## Given data

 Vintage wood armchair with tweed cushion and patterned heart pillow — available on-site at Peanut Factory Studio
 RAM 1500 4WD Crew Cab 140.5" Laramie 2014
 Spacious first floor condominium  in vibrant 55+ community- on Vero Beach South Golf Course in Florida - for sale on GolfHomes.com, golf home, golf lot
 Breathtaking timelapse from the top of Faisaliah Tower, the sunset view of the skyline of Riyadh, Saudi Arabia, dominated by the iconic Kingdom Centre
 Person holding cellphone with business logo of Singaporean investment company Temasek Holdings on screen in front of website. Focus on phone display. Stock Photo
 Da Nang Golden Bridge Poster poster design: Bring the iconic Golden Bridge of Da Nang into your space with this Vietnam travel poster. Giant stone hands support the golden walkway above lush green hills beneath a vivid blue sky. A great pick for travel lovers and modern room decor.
--
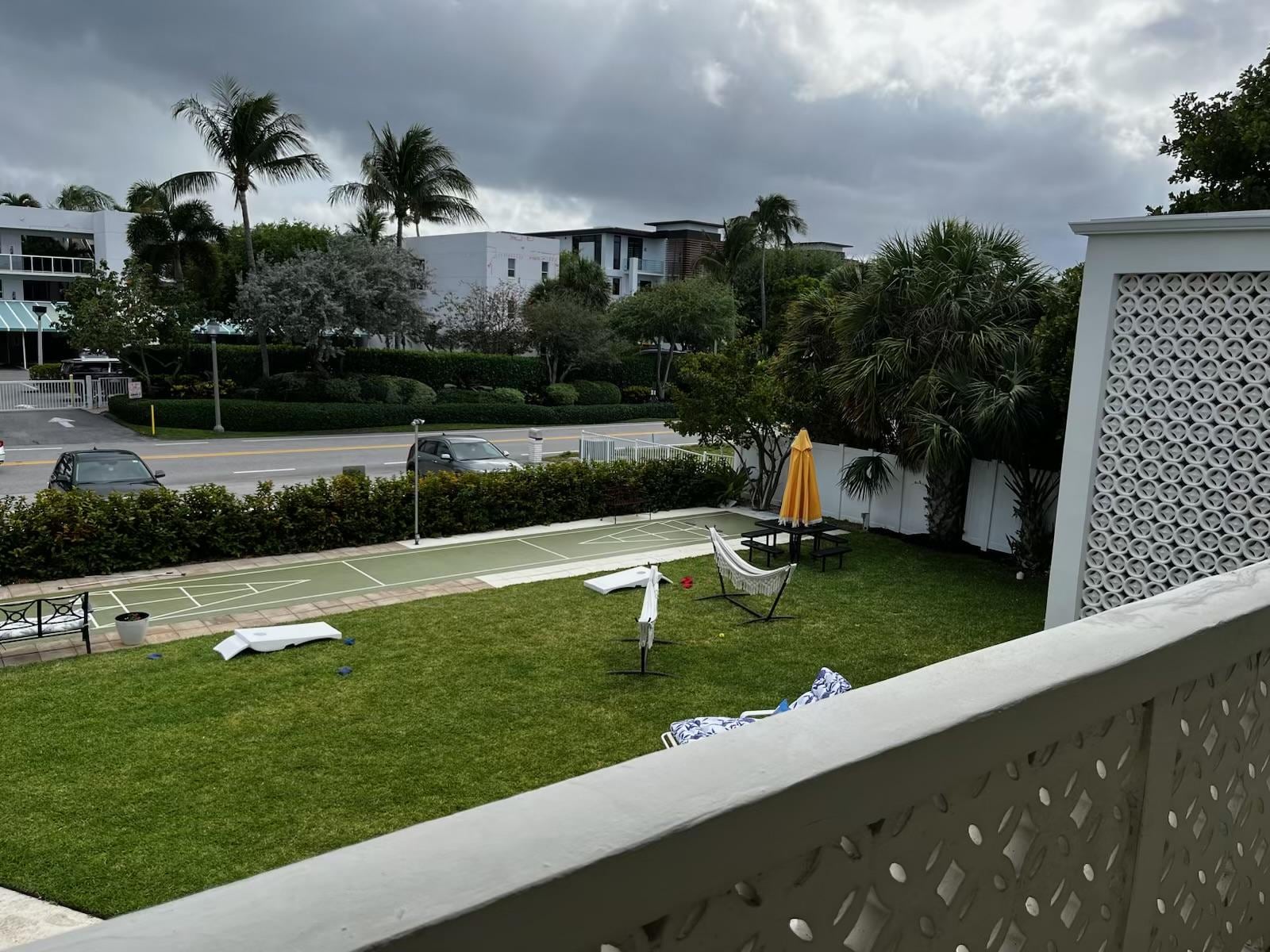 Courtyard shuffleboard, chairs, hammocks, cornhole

## What you should do
Copy out, exactly and alone, the lines of the entries above between the ones holding "Vintage wood armchair" and "Da Nang Golden", inclusive.

## The answer
 Vintage wood armchair with tweed cushion and patterned heart pillow — available on-site at Peanut Factory Studio
 RAM 1500 4WD Crew Cab 140.5" Laramie 2014
 Spacious first floor condominium  in vibrant 55+ community- on Vero Beach South Golf Course in Florida - for sale on GolfHomes.com, golf home, golf lot
 Breathtaking timelapse from the top of Faisaliah Tower, the sunset view of the skyline of Riyadh, Saudi Arabia, dominated by the iconic Kingdom Centre
 Person holding cellphone with business logo of Singaporean investment company Temasek Holdings on screen in front of website. Focus on phone display. Stock Photo
 Da Nang Golden Bridge Poster poster design: Bring the iconic Golden Bridge of Da Nang into your space with this Vietnam travel poster. Giant stone hands support the golden walkway above lush green hills beneath a vivid blue sky. A great pick for travel lovers and modern room decor.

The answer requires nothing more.